=== SOURCE RECORDS ===
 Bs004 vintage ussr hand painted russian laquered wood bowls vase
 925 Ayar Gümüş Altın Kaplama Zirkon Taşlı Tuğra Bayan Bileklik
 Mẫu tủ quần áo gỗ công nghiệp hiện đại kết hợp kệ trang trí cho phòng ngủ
==
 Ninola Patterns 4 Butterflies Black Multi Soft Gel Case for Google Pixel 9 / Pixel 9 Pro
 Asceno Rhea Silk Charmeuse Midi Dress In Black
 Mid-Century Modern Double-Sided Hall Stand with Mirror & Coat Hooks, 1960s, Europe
---
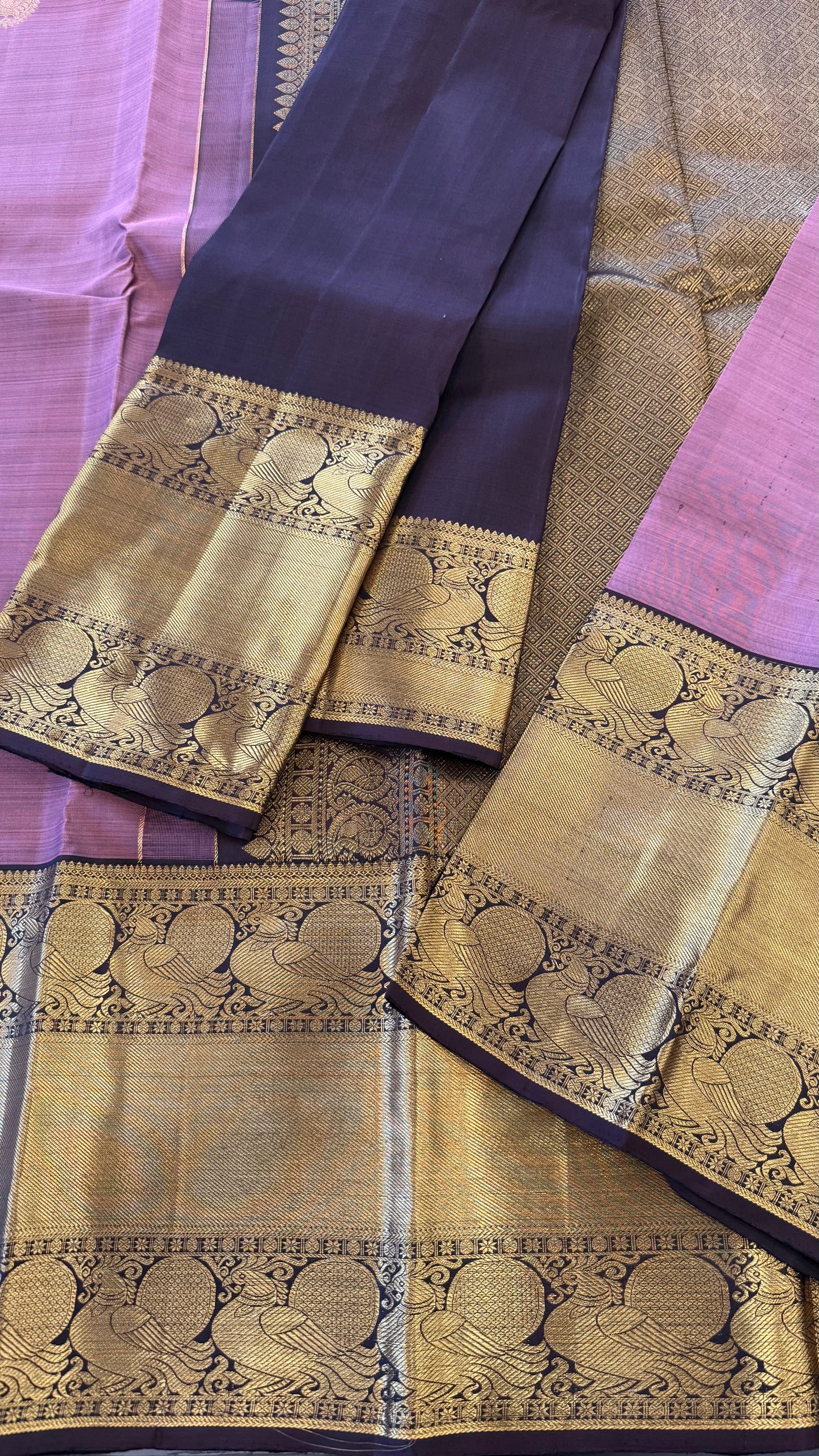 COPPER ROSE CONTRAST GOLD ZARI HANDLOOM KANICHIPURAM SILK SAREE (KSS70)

=== TASK TO COMPLETE ===
Check each line above for the string "Black" and copy the ones that have it.

=== YOUR SOLUTION ===
 Ninola Patterns 4 Butterflies Black Multi Soft Gel Case for Google Pixel 9 / Pixel 9 Pro
 Asceno Rhea Silk Charmeuse Midi Dress In Black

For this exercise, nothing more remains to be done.